Go through the listing below, and from the line containing "Building Photo - 2813 Waterside Trail" through its last line, transcribe every line exactly, skipping pictures.
*** SOURCE MATERIAL
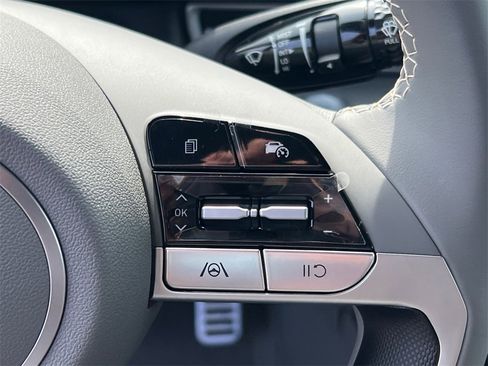 Used 2025 Hyundai Elantra SEL image 25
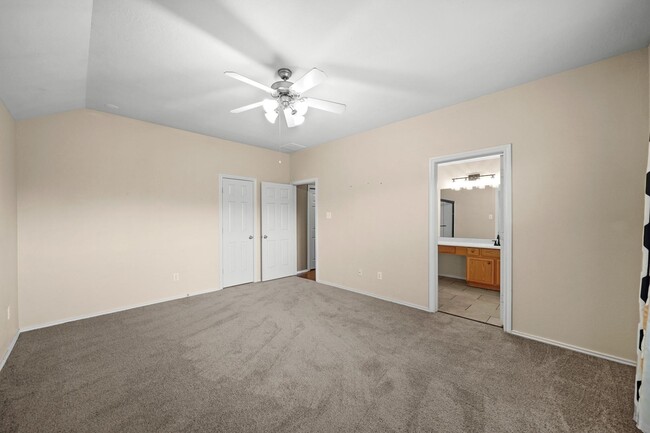 Building Photo - 2813 Waterside Trail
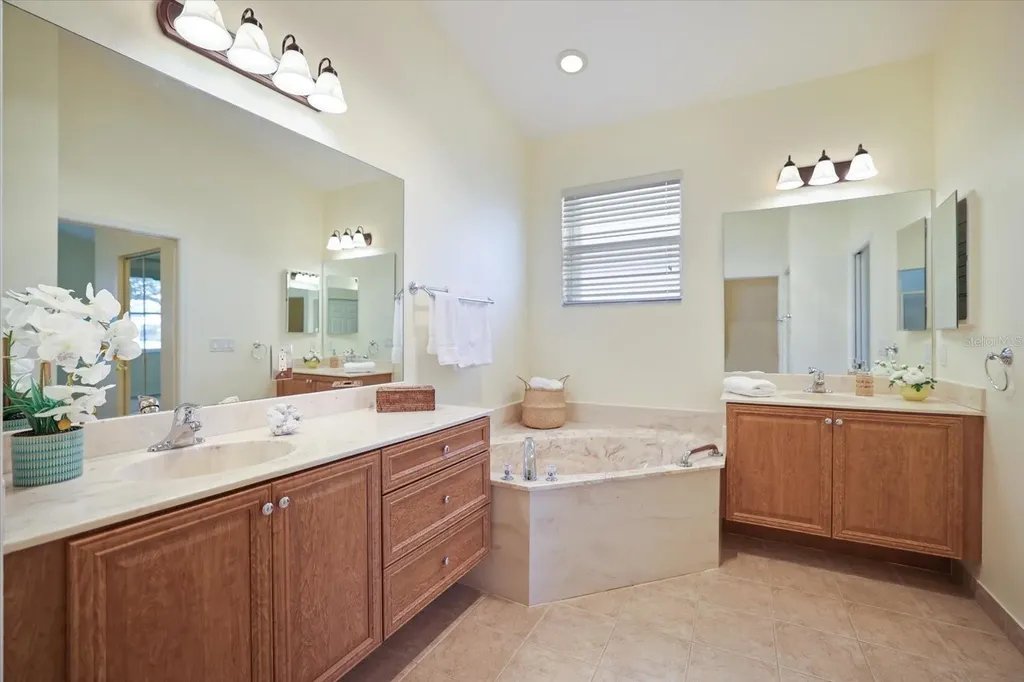 4211 64th Avenue E Sarasota FL 34243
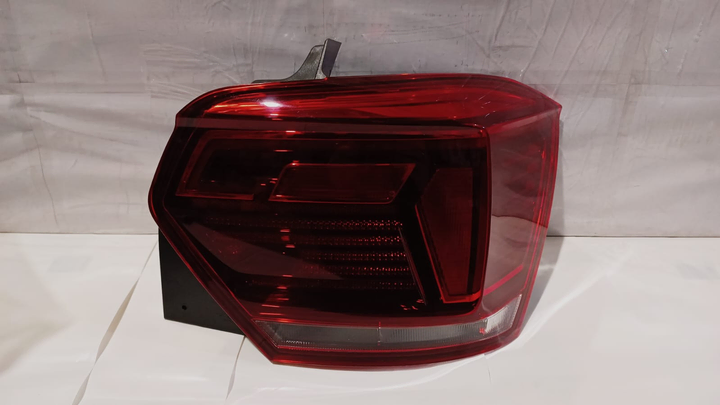 Faro trasero bicolor der - Imagen principal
******
» EXPECTED OUTPUT
 Building Photo - 2813 Waterside Trail
 4211 64th Avenue E Sarasota FL 34243
 Faro trasero bicolor der - Imagen principal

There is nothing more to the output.